→ **ABOUT THIS TASK**:
Your copy should hold only the lines from the one with "For M3U playlists, head" to the one with "This completes the", both included, each exactly as it stands below, with no pictures.

→ **EXCERPTED RECORDS**:
· · · · ·
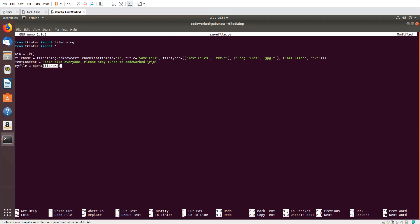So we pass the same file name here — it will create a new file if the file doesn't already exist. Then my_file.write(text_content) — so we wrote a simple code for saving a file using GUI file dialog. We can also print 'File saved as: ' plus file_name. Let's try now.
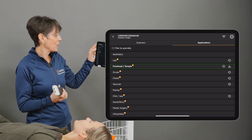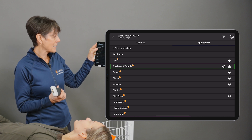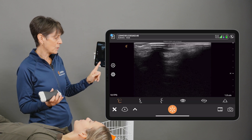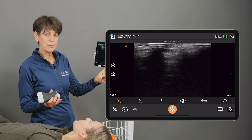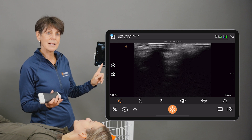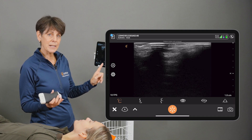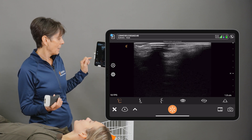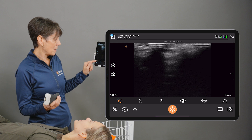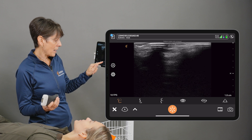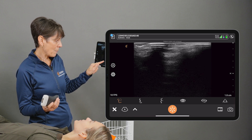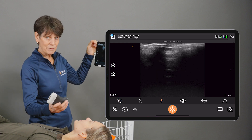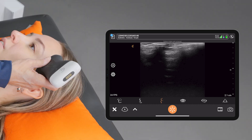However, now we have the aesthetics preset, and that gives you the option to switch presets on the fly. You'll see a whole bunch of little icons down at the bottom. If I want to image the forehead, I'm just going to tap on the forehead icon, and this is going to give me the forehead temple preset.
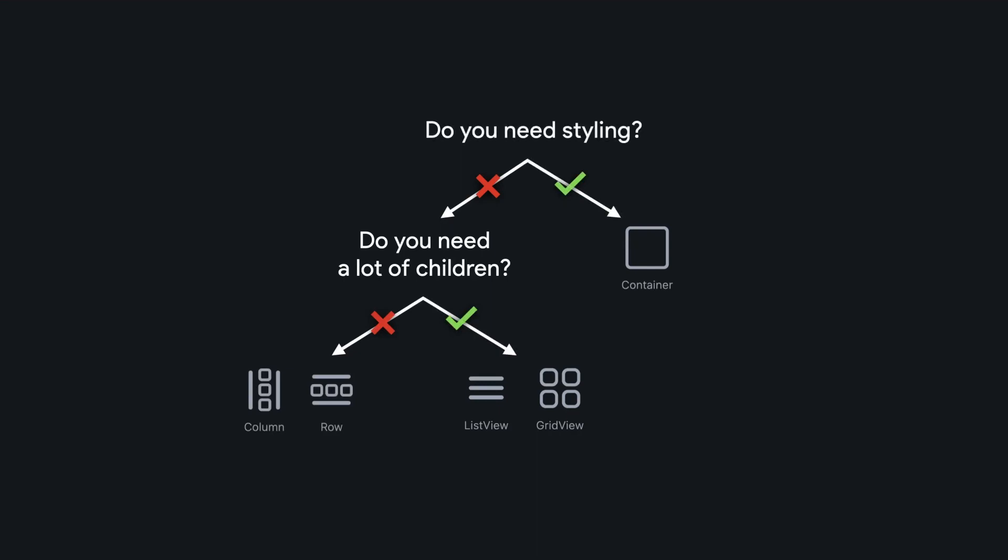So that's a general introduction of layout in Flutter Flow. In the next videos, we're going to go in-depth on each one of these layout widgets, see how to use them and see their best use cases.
· · · · ·
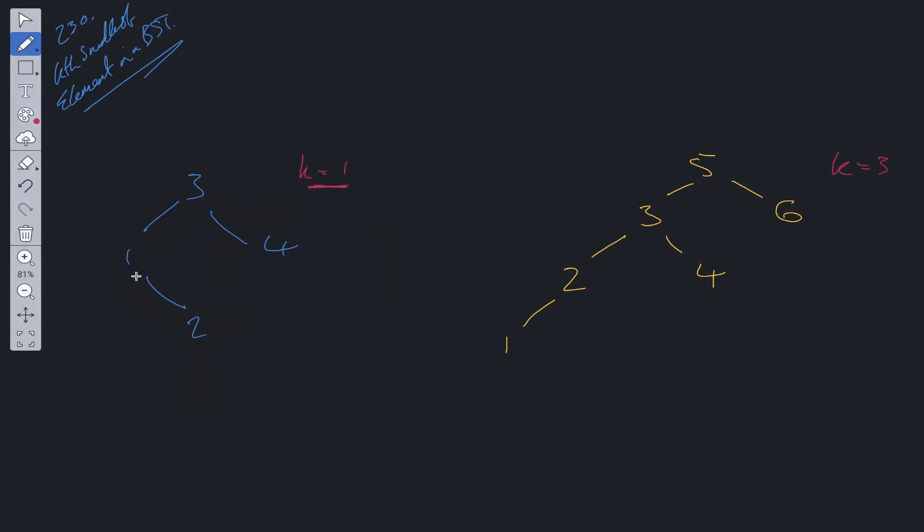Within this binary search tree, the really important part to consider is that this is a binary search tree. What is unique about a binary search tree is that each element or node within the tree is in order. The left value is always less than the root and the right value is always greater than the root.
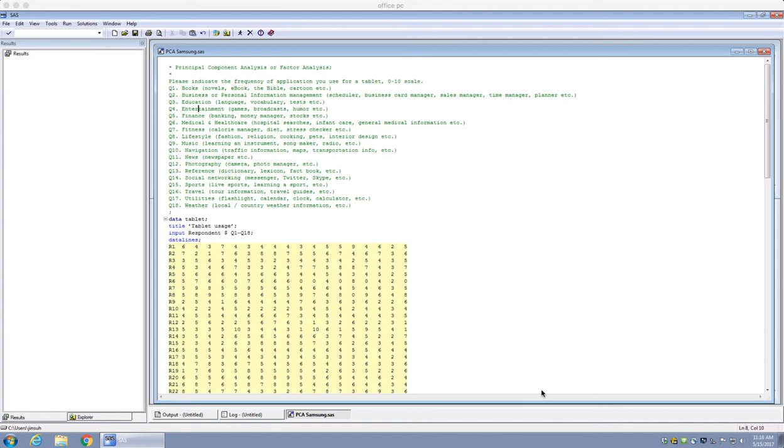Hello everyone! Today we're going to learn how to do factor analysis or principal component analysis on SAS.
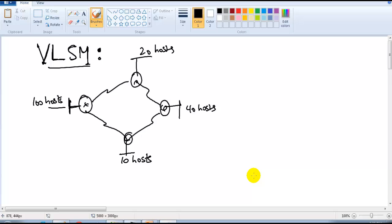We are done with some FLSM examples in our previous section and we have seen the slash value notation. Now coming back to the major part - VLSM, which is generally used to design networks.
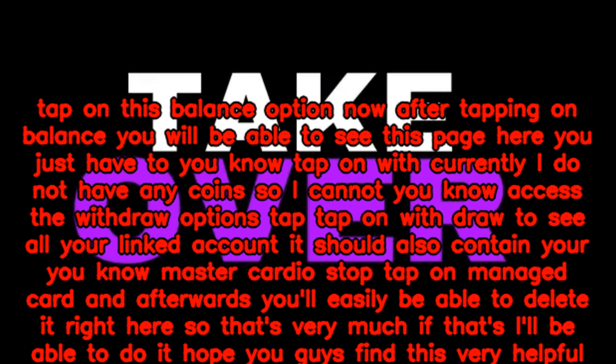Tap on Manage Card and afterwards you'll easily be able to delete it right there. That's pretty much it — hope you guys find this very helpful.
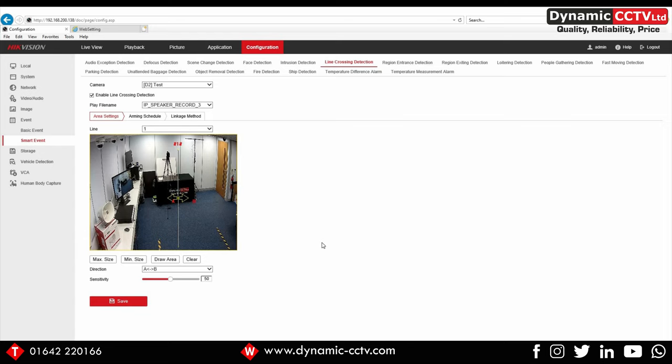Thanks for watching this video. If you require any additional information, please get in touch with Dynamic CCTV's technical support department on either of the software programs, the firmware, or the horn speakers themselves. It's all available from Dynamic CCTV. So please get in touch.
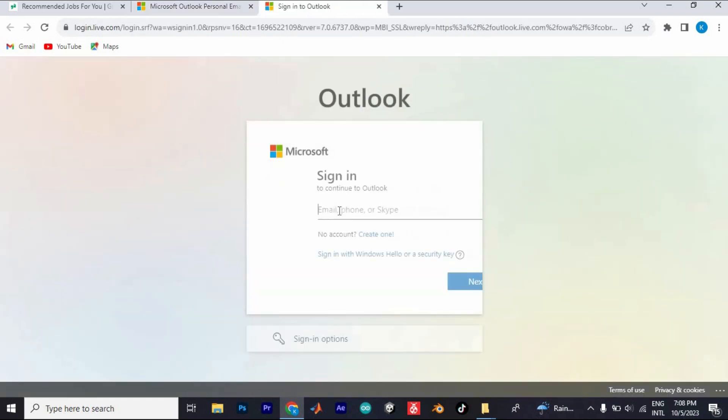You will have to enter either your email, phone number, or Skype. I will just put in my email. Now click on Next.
· · · · ·
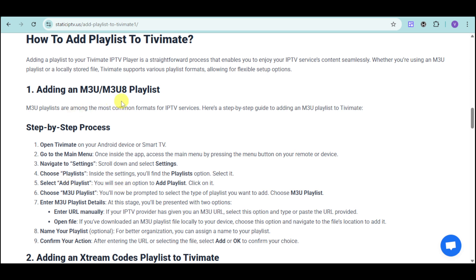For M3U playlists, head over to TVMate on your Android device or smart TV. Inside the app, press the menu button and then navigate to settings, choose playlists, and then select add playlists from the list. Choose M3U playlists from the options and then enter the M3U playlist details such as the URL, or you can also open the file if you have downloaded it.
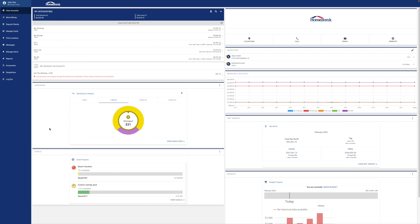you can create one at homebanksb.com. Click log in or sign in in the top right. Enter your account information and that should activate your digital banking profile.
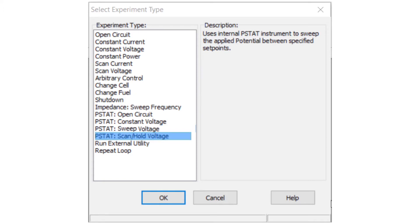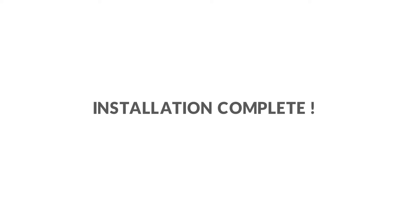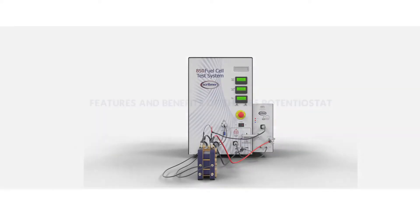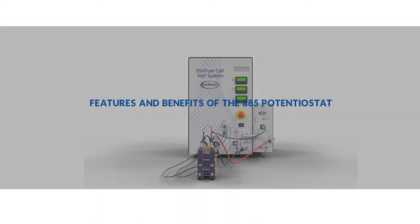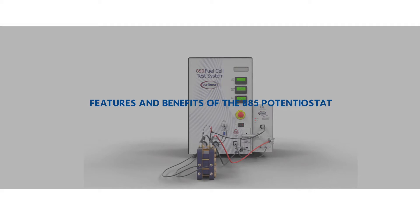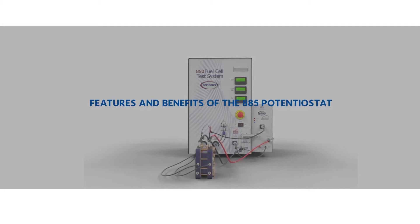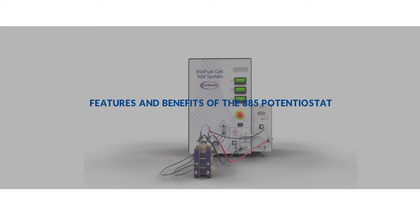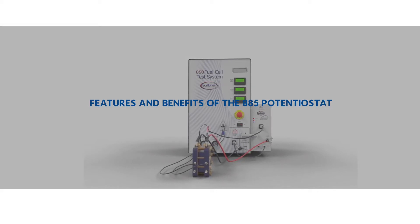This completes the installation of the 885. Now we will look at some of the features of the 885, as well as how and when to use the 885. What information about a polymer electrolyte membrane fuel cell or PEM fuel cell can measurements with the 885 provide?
· · · · ·
→ **RESULT FOR THIS TASK**:
For M3U playlists, head over to TVMate on your Android device or smart TV. Inside the app, press the menu button and then navigate to settings, choose playlists, and then select add playlists from the list. Choose M3U playlists from the options and then enter the M3U playlist details such as the URL, or you can also open the file if you have downloaded it.
you can create one at homebanksb.com. Click log in or sign in in the top right. Enter your account information and that should activate your digital banking profile.
This completes the installation of the 885. Now we will look at some of the features of the 885, as well as how and when to use the 885. What information about a polymer electrolyte membrane fuel cell or PEM fuel cell can measurements with the 885 provide?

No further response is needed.